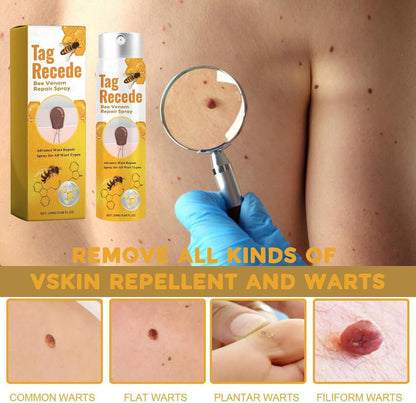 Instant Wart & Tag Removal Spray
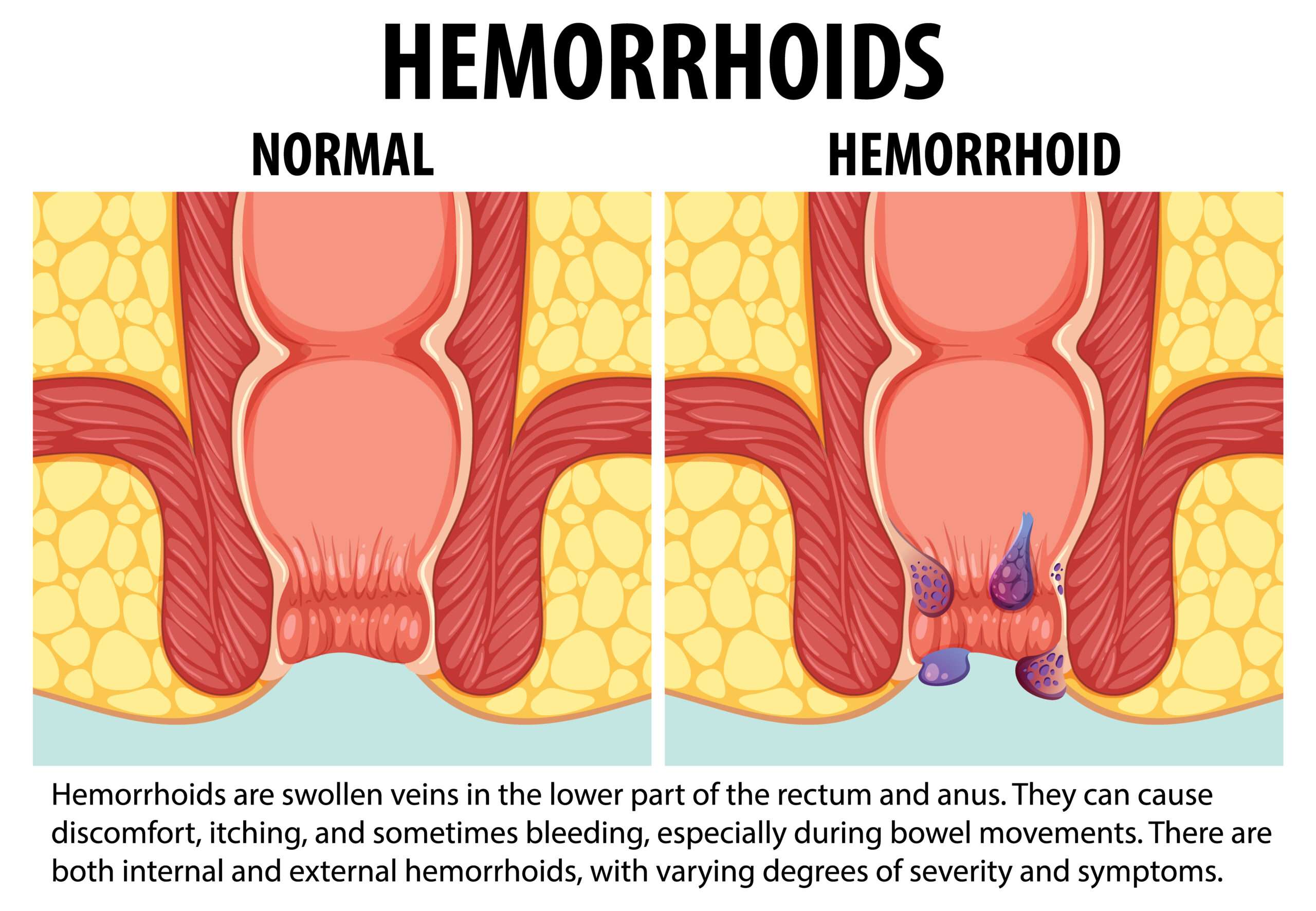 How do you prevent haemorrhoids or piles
---
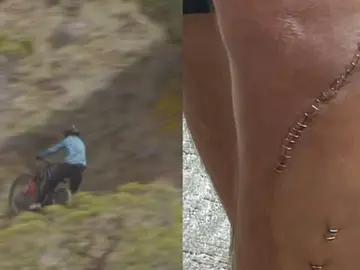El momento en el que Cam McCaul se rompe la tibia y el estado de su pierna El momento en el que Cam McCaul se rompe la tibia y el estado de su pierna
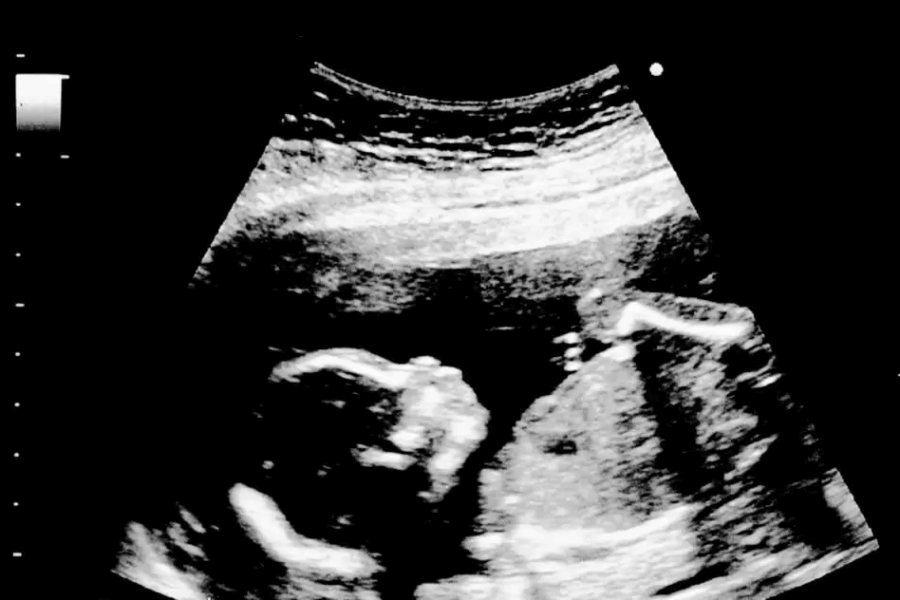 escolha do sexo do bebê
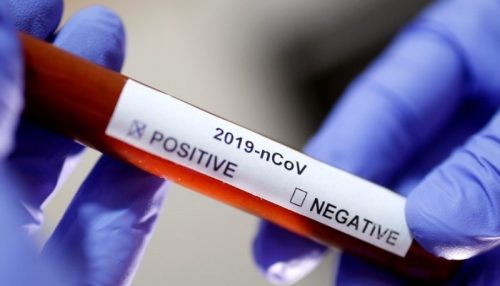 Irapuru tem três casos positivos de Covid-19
==
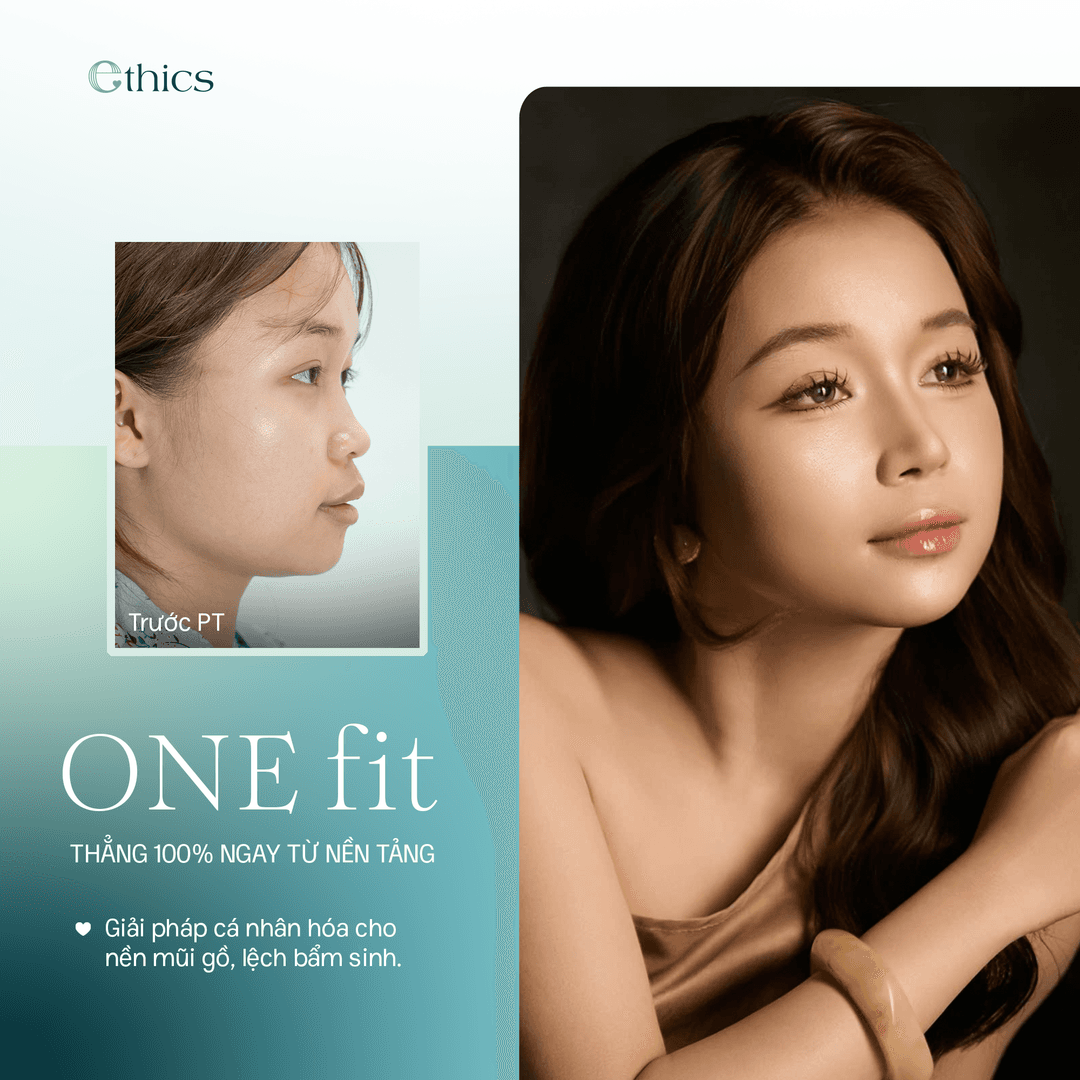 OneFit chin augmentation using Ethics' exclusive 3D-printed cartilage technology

# What you will do
Retype only the lines above from the one with "Instant Wart & Tag Removal Spray" through the one with "How do you prevent haemorrhoids or piles", exactly and with both ends. Images stay out.

# Solved exercise
 Instant Wart & Tag Removal Spray
 How do you prevent haemorrhoids or piles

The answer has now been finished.